In 1969, Vincent proposed the plan of cutting all stocking efforts on the Varney section of the Madison River, while stocking a tributary in Ennis called O’Dell Creek, which had never seen stocked fish before. According to Vincent, there were not a lot of people that were happy about his plan. Many thought that cutting the stocking of fish in the Madison would ruin the trout population, and additionally ruin the fisherman traffic and business. If it wasn’t for the many complaints the FWP department was receiving on poor trout fishing, and smaller sized trout, Vincent’s plan would have likely never made it through.

In 1970, with the backing of Fisheries Chief, Art Whitney, Vincent’s plan was able to begin. Fast forward a couple years and what do you think happened? Fish number in O’Dell Creek dwindled, showing data that was half of before stocking efforts began. And the Varney stretch? By the time 1974 rolled around, nearly four years after the study began, the number of wild trout, 10″ or larger had increase by 213%.
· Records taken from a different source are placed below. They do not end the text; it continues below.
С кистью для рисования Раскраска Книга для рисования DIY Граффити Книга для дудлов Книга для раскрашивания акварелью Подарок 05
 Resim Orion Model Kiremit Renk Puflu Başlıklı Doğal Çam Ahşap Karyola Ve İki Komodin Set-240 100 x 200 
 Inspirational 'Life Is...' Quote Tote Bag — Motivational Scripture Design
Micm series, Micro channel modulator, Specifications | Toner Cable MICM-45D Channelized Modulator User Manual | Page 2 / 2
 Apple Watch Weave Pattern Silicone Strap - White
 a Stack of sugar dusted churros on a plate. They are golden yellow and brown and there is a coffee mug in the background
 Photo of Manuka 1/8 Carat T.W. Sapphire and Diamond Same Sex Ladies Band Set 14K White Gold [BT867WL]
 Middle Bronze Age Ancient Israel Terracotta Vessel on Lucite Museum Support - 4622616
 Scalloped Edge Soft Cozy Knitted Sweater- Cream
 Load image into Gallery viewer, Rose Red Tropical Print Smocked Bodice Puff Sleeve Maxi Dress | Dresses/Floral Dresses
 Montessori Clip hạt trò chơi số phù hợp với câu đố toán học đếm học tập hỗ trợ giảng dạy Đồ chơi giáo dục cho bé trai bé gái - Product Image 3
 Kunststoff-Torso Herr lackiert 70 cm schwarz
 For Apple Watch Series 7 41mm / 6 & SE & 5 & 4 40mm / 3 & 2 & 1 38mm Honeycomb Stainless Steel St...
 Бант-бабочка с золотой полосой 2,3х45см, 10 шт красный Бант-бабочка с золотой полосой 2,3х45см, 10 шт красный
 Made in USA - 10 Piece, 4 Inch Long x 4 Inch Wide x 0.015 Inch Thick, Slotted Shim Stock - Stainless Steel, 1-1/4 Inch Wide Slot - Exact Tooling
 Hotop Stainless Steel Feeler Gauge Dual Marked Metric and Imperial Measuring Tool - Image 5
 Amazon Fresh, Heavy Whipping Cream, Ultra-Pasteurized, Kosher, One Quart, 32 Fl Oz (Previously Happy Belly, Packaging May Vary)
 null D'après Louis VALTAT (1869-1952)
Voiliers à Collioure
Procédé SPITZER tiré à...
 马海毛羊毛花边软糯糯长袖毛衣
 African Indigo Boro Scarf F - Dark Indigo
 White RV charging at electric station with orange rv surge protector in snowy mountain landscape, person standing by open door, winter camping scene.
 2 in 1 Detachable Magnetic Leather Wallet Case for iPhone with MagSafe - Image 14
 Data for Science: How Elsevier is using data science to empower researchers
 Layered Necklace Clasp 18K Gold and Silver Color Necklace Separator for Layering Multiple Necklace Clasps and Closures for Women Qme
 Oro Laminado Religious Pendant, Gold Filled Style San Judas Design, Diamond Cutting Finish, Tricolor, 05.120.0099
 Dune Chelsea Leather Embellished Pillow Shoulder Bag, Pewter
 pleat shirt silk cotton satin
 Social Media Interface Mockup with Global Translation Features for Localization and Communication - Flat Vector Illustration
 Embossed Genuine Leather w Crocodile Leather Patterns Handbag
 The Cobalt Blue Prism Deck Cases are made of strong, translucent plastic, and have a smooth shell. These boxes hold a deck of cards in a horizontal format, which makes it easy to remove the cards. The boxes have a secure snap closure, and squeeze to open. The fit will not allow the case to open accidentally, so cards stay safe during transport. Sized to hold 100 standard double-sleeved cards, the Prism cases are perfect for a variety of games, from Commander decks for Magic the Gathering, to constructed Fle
In 1973, at the official end of the study, the department studied the data, and it was obvious what needed to happen. A significant change to the stocking policy was imminent. By the end of 1973, the FWP had agreed to haulting all stocking of trout in Montana streams and rivers.

To read the full article from FWP’s interview with Dick Vincent can be read HERE.

Here we are now…wild trout numbers are flourishing in many places. The Missouri river, with nearly 6,000 wild trout per mile is one of the best fisheries in the country. The Gallatin…nearly 1,500 wild fish per mile.

Trout numbers are good, but there is always room for improvement. Moving forward, if we, all of us, don’t continue furthered efforts of trout population management and river conservation, we could reverse the effect of all of Vincent’s efforts. It’s very much up to us now. Wild trout need a cold, clear river to thrive in. Catch and release practices are good, but Catch and Release live practices are sometimes hard to find. If you love them, like we all do, take care of the trout. They deserve it. Take care of the rivers too. Let’s clean up after ourselves.  I don’t think the slogan “leave it as you found it” applies any more. Better would be “leave it better than when you found it.”